# Sentiment Analysis (sub-sentence level)

## Inference pipeline - Proof of concept

## Load imports and models

In [155]:
from flair.data import Sentence
from flair.models import MultiTagger
from flair.models import TextClassifier
from colorama import Fore

In [156]:
# load the 'chunk' and POS taggers
tagger = MultiTagger.load(['chunk-fast', 'pos-fast'])

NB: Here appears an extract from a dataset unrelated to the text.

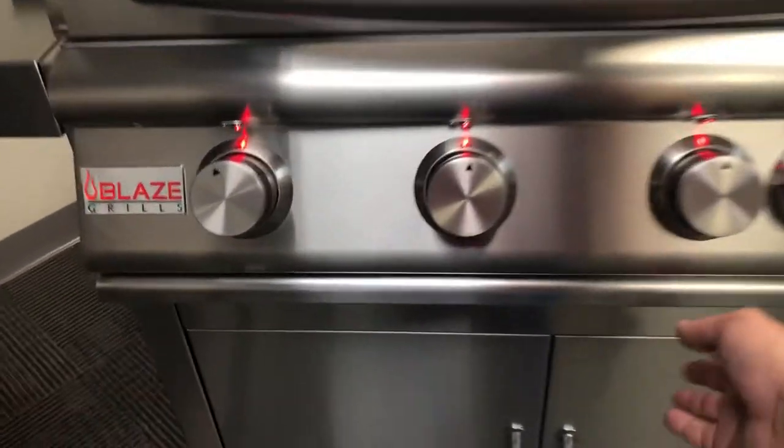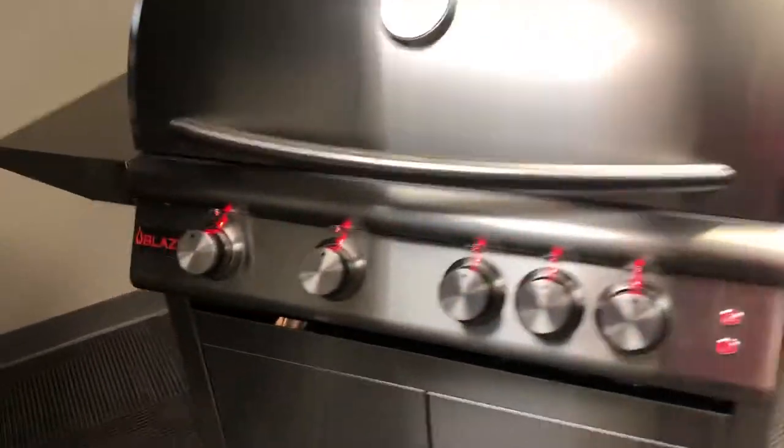With the drip tray down, go underneath the control panel and you're going to see this flex line going to the rear rotisserie igniter. With a pair of pliers, get up in there — I've already loosened this one to make it easier for the video. Take that flex line off.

2021-03-11 13:21:24,330 --------------------------------------------------------------------------------
2021-03-11 13:21:24,333 The model key 'chunk-fast' now maps to 'https://huggingface.co/flair/chunk-english-fast' on the HuggingFace ModelHub
2021-03-11 13:21:24,334  - The most current version of the model is automatically downloaded from there.
2021-03-11 13:21:24,337  - (you can alternatively manually download the original model at https://nlp.informatik.hu-berlin.de/resources/models/chunk-fast/en-chunk-conll2000-fast-v0.4.pt)
2021-03-11 13:21:24,338 --------------------------------------------------------------------------------
2021-03-11 13:21:24,684 loading file /Users/ike/.flair/models/chunk-english-fast/be3a207f4993dd6d174d5083341a717d371ec16f721358e7a4d72158ebab28a6.a7f897d05c83e618a8235bbb7ddfca5a79d2daefb8a97c776eb73f97dbaea508
2021-03-11 13:21:26,587 --------------------------------------------------------------------------------
2021-03-11 13:21:26,588 The model key 'po

In [157]:
# load sentiment tagger
classifier = TextClassifier.load('sentiment')

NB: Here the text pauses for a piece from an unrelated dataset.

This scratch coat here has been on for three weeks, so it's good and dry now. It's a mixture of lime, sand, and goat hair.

2021-03-11 13:21:28,742 loading file /Users/ike/.flair/models/sentiment-en-mix-distillbert_4.pt


## Create input sentence

In [158]:
# choose a sentence
text = 'I love Bamboo HR, but interviews make me nervous'

# text = 'I think sentiment analysis is really cool but maybe too cool'
# text = 'I like the Samsung smart watch because it is sleek and durable'

sentence = Sentence(text)

## Process text

In [159]:
# run NER over sentence
tagger.predict(sentence)

In [160]:
# check prediction
print(sentence)

Sentence: "I love Bamboo HR , but interviews make me nervous"   [− Tokens: 10  − Token-Labels: "I <S-NP/PRP> love <S-VP/VBP> Bamboo <B-NP/NNP> HR <E-NP/NNP> , <,> but <CC> interviews <S-NP/NNS> make <S-VP/VBP> me <S-NP/PRP> nervous <S-ADJP/JJ>"]


In [161]:
def get_conjunctions(sentence):
    '''
    Takes Sentence object as input
    Returns pos (list), has_conjunction (boolean), break (integer list)
    '''
    pos = [span.tag for span in sentence.get_spans('pos-fast')]
    has_conjunction = 'CC' in pos
    breaks = []
    if has_conjunction:
        for i, val in enumerate(pos):
            if val == 'CC':
                breaks.append(i)
    return pos, has_conjunction, breaks

In [162]:
pos, has_conjunction, breaks = get_conjunctions(sentence)

In [163]:
print(pos)
print(has_conjunction)
print(breaks)

['PRP', 'VBP', 'NNP', 'NNP', ',', 'CC', 'NNS', 'VBP', 'PRP', 'JJ']
True
[5]


## Break sentence into pieces

In [164]:
def combine_spans(spans):
    '''
    Takes several spans as input
    Text only string as output
    '''
    text = [text.to_original_text() for text in spans]
    return ' '.join(text)

In [165]:
# Logic to break up sentence into pieces based on heuristic
# currently achieved by breaking on conjunctions

parts = []
spans = sentence.get_spans('pos-fast')
current_break = 0

for next_cc in breaks:
    before_cc = spans[current_break:next_cc]
    cc = spans[next_cc]
    parts.append({'type': 'phrase', 'text': combine_spans(before_cc)})
    parts.append({'type': 'conjunction', 'text': cc.text})
    current_break = next_cc

last_part = spans[breaks[-1]+1:]
parts.append({'type': 'phrase', 'text': combine_spans(last_part)})

In [166]:
parts

[{'type': 'phrase', 'text': 'I love Bamboo HR ,'},
 {'type': 'conjunction', 'text': 'but'},
 {'type': 'phrase', 'text': 'interviews make me nervous'}]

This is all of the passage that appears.